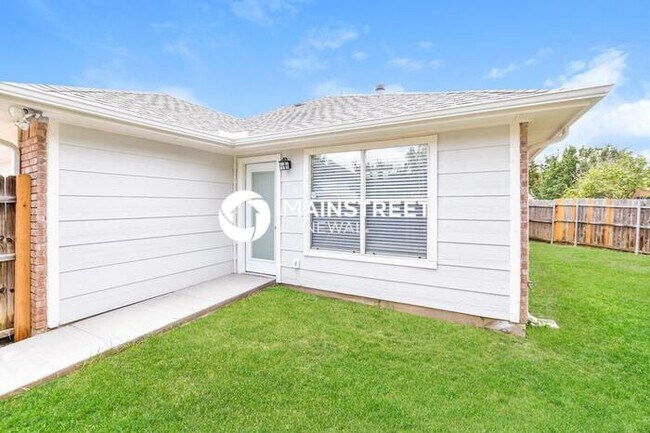 Building Photo - 3 Bedroom Pet-Friendly Home in Balch Springs, TX with Main Street Renewal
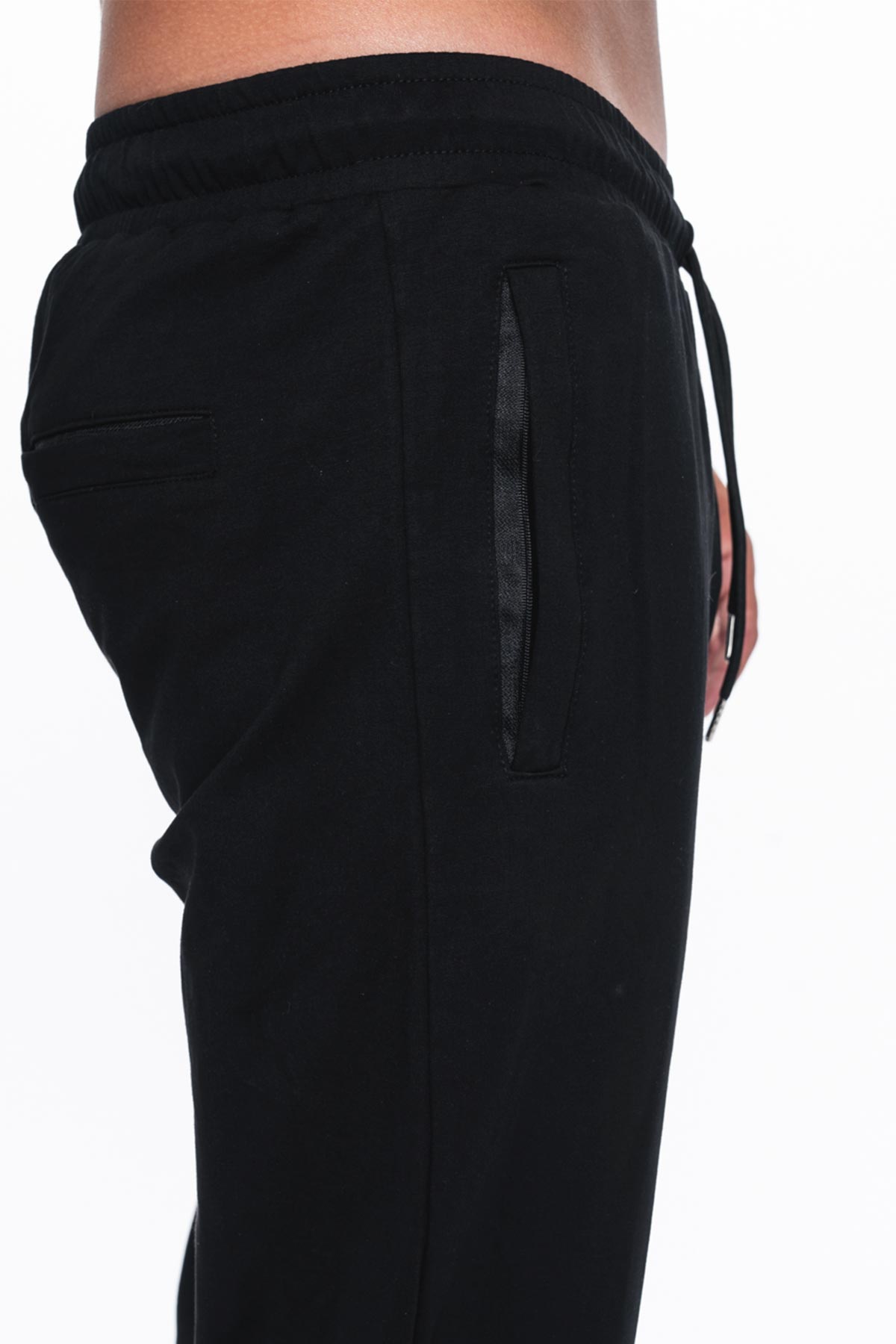 The Jogger: Black - Rule Of Threads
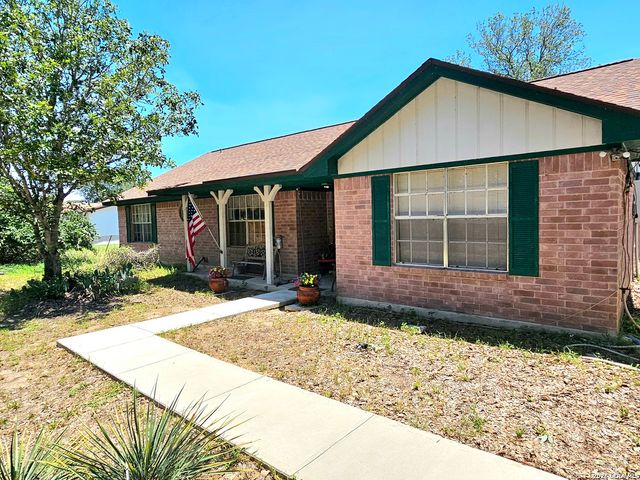 214 CHERRY RDG, Floresville, TX 78114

___

• What this task involves
Print the material above verbatim, no images.

• Solution to this problem
 Building Photo - 3 Bedroom Pet-Friendly Home in Balch Springs, TX with Main Street Renewal
 The Jogger: Black - Rule Of Threads
 214 CHERRY RDG, Floresville, TX 78114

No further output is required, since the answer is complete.